What is expected:
No picture belongs in the answer, which must hold exactly the lines from the one with "ناپدید شدن یک" through the final line below.
Given data: Begin
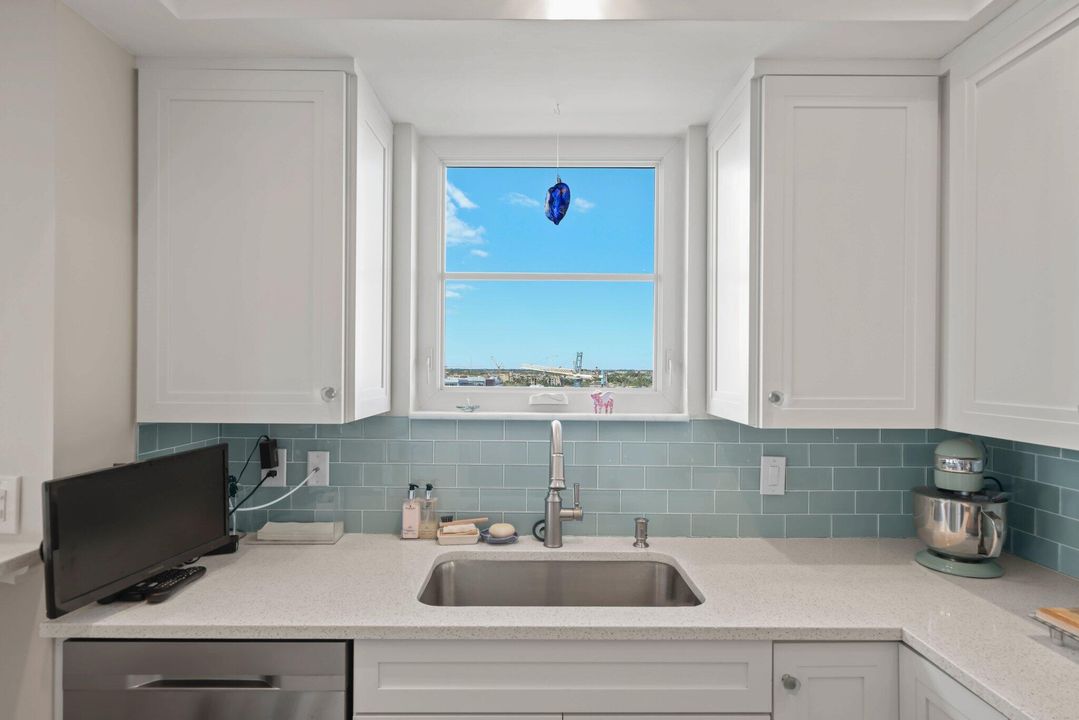 En Venta: $1,429,000 (2 camas, 2 baños, 1538 Pies cuadrados)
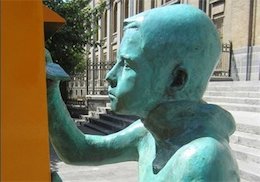 ناپدید شدن یک مجسمه مشهور تهران+عکس مجسمه موزه پست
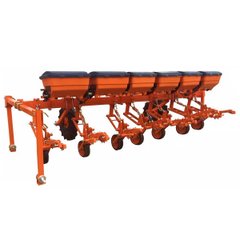 Kultivátor Favorit KNRF-4.2-04 pre traktor, so systémom pre hnojenie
Given data: End
Result of this exercise:
 ناپدید شدن یک مجسمه مشهور تهران+عکس مجسمه موزه پست
 Kultivátor Favorit KNRF-4.2-04 pre traktor, so systémom pre hnojenie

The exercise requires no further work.